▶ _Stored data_
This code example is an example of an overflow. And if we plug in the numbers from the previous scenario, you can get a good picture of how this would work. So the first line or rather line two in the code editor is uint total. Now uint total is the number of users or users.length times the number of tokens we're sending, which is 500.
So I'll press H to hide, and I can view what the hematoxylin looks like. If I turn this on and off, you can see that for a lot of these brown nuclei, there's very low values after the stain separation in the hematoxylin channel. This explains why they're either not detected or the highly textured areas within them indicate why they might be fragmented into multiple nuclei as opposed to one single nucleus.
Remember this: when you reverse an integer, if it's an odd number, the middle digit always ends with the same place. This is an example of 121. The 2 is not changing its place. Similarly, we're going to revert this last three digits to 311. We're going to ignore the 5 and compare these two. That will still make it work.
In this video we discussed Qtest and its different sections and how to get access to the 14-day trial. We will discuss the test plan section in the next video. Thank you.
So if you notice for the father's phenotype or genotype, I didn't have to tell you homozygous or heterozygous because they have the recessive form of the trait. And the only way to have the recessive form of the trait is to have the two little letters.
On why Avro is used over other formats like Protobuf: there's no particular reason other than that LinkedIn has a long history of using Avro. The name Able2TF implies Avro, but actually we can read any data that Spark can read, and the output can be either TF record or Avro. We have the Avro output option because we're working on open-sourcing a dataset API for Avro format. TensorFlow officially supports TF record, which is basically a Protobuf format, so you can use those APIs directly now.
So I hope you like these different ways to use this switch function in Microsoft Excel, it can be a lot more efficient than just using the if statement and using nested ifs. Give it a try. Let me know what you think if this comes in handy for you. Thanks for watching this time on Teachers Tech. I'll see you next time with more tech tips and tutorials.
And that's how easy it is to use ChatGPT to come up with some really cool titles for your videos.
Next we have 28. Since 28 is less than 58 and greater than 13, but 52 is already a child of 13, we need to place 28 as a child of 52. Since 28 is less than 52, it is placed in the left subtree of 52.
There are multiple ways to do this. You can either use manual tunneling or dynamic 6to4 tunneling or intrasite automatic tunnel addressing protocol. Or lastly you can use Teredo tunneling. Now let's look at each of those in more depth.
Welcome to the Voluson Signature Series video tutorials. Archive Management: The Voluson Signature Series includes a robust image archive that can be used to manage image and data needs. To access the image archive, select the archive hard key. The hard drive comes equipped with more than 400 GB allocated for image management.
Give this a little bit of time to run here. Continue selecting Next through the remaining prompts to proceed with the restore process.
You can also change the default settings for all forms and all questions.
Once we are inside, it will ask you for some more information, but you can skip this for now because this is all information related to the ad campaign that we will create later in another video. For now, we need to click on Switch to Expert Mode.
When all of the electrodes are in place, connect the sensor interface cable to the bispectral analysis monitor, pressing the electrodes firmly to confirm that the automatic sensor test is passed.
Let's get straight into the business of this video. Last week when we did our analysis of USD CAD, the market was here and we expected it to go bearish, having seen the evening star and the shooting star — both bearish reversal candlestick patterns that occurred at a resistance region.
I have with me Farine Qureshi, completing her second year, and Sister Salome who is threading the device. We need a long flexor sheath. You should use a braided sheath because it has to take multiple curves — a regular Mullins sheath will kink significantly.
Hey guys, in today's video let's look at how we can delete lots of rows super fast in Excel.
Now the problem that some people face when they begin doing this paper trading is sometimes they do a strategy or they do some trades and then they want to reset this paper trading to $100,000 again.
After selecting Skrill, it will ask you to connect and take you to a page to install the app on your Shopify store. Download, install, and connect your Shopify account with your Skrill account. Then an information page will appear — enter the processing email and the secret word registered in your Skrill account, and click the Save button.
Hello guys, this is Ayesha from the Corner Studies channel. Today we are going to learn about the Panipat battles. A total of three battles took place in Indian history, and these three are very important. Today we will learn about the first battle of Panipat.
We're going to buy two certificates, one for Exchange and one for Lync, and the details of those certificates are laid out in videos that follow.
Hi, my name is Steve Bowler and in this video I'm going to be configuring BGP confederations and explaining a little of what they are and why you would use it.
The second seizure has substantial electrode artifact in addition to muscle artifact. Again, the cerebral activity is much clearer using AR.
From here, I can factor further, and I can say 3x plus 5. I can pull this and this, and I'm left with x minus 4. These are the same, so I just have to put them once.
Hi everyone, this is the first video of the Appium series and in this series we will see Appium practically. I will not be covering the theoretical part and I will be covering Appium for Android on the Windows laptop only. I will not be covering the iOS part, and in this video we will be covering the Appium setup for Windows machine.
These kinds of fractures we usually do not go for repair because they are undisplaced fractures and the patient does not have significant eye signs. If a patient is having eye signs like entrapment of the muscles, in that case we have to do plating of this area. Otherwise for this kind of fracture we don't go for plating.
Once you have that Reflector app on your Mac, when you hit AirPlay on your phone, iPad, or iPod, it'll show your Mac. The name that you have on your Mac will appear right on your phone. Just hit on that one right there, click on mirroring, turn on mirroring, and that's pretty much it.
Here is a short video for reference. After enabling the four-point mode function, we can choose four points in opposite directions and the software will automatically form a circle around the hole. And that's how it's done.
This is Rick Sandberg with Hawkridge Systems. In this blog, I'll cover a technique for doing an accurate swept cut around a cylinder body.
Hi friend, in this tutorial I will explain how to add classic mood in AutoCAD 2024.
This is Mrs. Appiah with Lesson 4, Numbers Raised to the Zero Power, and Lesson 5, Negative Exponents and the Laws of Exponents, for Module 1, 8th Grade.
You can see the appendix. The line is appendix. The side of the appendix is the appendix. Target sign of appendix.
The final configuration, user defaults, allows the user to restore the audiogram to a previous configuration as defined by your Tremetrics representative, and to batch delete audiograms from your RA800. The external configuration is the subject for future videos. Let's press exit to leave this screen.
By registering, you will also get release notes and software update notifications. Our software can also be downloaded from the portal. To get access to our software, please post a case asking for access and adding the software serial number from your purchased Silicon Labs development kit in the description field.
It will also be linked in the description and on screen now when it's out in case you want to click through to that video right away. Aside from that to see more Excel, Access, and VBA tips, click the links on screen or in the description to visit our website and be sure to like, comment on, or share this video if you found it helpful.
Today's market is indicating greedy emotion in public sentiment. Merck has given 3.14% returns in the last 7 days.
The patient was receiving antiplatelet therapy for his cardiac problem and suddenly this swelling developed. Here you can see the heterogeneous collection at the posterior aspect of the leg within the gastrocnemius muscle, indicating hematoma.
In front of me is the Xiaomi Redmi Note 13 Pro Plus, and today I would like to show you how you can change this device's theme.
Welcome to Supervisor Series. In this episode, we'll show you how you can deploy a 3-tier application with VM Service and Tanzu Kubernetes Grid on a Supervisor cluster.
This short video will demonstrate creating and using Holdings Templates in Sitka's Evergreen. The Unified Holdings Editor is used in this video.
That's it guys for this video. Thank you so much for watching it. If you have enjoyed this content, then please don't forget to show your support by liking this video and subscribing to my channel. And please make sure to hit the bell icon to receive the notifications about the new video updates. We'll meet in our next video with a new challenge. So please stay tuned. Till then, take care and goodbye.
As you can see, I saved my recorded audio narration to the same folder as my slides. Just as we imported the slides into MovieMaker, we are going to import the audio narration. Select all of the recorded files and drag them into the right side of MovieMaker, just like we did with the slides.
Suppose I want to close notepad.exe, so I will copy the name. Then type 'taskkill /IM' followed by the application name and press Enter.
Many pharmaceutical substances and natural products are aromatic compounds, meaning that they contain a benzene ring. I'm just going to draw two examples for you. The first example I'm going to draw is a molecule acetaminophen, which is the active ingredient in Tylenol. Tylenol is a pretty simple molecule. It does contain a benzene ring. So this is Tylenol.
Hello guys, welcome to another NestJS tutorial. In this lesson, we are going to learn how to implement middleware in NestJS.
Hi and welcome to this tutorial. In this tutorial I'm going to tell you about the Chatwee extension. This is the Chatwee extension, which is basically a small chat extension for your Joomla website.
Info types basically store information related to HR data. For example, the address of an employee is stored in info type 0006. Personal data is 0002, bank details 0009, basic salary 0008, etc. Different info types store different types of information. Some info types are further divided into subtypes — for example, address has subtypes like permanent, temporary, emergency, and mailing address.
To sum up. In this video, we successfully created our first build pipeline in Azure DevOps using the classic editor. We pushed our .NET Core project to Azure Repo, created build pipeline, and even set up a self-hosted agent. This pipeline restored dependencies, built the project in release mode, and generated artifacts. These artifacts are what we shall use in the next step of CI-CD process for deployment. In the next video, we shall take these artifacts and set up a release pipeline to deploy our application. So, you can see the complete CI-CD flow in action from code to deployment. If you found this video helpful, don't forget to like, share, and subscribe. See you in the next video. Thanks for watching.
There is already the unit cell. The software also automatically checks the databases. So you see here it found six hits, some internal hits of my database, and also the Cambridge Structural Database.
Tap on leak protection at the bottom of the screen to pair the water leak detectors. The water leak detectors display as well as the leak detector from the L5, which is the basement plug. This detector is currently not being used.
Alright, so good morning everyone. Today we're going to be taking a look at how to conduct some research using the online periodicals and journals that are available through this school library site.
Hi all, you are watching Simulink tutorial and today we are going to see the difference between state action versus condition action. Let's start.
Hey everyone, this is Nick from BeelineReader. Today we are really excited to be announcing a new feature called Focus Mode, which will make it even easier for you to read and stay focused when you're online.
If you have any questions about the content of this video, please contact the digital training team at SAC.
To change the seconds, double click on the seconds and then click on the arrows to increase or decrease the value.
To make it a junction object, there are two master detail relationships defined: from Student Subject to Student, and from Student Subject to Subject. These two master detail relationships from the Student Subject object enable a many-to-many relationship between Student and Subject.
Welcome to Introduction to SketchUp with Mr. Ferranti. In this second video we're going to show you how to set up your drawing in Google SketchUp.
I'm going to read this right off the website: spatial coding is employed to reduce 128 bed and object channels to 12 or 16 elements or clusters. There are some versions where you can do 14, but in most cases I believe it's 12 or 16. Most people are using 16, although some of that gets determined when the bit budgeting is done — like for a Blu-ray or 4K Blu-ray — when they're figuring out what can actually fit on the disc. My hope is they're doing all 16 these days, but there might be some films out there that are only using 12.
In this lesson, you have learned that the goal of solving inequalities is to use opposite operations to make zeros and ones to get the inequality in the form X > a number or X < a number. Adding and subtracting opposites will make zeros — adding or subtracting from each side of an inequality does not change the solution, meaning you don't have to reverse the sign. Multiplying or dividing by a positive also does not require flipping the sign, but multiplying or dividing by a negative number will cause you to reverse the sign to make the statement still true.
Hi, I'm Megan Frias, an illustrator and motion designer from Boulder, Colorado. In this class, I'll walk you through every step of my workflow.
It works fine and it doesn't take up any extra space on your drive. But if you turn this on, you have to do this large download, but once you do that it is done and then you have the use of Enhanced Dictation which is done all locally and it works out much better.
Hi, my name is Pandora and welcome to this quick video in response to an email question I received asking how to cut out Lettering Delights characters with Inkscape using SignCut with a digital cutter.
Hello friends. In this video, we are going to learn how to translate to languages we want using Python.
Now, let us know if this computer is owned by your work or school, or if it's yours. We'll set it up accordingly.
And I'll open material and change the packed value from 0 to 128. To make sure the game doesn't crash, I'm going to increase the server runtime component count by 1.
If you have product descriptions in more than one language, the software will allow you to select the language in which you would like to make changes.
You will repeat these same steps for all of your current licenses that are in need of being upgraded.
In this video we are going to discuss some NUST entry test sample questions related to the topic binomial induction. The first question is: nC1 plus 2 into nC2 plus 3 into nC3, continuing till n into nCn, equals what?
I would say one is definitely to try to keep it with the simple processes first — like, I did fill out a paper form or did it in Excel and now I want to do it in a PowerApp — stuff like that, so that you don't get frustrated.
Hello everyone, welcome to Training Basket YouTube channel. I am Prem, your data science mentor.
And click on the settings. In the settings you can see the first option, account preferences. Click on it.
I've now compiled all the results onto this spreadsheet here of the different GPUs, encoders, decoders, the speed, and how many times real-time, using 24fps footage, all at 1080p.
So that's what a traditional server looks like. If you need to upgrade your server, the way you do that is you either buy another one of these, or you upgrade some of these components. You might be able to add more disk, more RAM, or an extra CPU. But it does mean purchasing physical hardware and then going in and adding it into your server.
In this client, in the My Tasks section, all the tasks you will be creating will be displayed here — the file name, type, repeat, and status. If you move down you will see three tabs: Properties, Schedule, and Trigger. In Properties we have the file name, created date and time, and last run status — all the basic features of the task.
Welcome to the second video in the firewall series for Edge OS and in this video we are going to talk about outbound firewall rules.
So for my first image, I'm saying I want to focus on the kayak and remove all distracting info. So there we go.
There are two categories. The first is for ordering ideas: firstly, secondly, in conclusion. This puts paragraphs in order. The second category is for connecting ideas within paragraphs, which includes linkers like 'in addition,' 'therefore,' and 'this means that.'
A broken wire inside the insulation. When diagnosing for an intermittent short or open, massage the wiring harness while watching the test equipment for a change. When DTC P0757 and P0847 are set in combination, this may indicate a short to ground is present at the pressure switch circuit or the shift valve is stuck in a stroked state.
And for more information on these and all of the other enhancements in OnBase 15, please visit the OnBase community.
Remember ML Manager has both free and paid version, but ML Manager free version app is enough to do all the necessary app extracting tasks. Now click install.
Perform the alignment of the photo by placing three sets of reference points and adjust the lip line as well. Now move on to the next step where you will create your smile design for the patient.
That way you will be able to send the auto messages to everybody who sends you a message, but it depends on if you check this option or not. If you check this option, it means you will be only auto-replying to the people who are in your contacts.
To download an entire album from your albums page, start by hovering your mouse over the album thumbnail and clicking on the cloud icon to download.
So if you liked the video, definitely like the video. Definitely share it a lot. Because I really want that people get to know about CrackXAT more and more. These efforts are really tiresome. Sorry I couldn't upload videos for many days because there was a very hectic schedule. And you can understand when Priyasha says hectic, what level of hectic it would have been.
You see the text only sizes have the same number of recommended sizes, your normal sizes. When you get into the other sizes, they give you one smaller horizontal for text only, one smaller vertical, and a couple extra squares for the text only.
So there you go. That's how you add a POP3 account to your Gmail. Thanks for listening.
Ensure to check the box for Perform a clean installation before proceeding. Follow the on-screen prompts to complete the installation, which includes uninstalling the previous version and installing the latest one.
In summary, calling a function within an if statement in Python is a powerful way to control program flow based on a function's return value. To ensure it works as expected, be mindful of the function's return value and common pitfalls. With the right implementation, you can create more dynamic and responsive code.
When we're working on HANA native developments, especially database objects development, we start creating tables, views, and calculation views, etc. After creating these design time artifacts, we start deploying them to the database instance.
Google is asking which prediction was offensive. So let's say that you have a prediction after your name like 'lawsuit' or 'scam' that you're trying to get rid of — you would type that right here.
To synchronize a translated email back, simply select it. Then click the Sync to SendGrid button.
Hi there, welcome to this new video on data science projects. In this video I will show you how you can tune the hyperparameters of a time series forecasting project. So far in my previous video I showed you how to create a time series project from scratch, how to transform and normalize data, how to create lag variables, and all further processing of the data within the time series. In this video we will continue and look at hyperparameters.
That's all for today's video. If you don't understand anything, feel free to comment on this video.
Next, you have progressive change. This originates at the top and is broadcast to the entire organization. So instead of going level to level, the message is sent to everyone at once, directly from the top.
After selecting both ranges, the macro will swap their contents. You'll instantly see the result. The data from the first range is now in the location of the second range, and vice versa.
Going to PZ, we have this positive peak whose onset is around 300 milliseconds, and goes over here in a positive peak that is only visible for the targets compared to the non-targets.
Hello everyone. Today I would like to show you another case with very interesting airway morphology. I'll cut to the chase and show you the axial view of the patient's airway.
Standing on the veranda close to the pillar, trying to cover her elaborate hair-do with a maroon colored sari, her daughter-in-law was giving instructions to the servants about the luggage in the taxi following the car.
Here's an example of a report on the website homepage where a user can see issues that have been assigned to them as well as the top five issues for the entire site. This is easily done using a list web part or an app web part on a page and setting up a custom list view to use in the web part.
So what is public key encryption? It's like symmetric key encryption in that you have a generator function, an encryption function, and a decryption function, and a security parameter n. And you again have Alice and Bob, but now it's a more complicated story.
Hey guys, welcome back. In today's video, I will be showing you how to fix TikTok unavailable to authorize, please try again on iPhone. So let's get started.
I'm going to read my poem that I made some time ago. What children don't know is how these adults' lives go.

▶ _Exercise aim_
Out of the data above, transcribe exactly and only the lines starting with the line that has "Info types basically" and going on through the line that has "If you have any", both included.

▶ _Output for this exercise_
Info types basically store information related to HR data. For example, the address of an employee is stored in info type 0006. Personal data is 0002, bank details 0009, basic salary 0008, etc. Different info types store different types of information. Some info types are further divided into subtypes — for example, address has subtypes like permanent, temporary, emergency, and mailing address.
To sum up. In this video, we successfully created our first build pipeline in Azure DevOps using the classic editor. We pushed our .NET Core project to Azure Repo, created build pipeline, and even set up a self-hosted agent. This pipeline restored dependencies, built the project in release mode, and generated artifacts. These artifacts are what we shall use in the next step of CI-CD process for deployment. In the next video, we shall take these artifacts and set up a release pipeline to deploy our application. So, you can see the complete CI-CD flow in action from code to deployment. If you found this video helpful, don't forget to like, share, and subscribe. See you in the next video. Thanks for watching.
There is already the unit cell. The software also automatically checks the databases. So you see here it found six hits, some internal hits of my database, and also the Cambridge Structural Database.
Tap on leak protection at the bottom of the screen to pair the water leak detectors. The water leak detectors display as well as the leak detector from the L5, which is the basement plug. This detector is currently not being used.
Alright, so good morning everyone. Today we're going to be taking a look at how to conduct some research using the online periodicals and journals that are available through this school library site.
Hi all, you are watching Simulink tutorial and today we are going to see the difference between state action versus condition action. Let's start.
Hey everyone, this is Nick from BeelineReader. Today we are really excited to be announcing a new feature called Focus Mode, which will make it even easier for you to read and stay focused when you're online.
If you have any questions about the content of this video, please contact the digital training team at SAC.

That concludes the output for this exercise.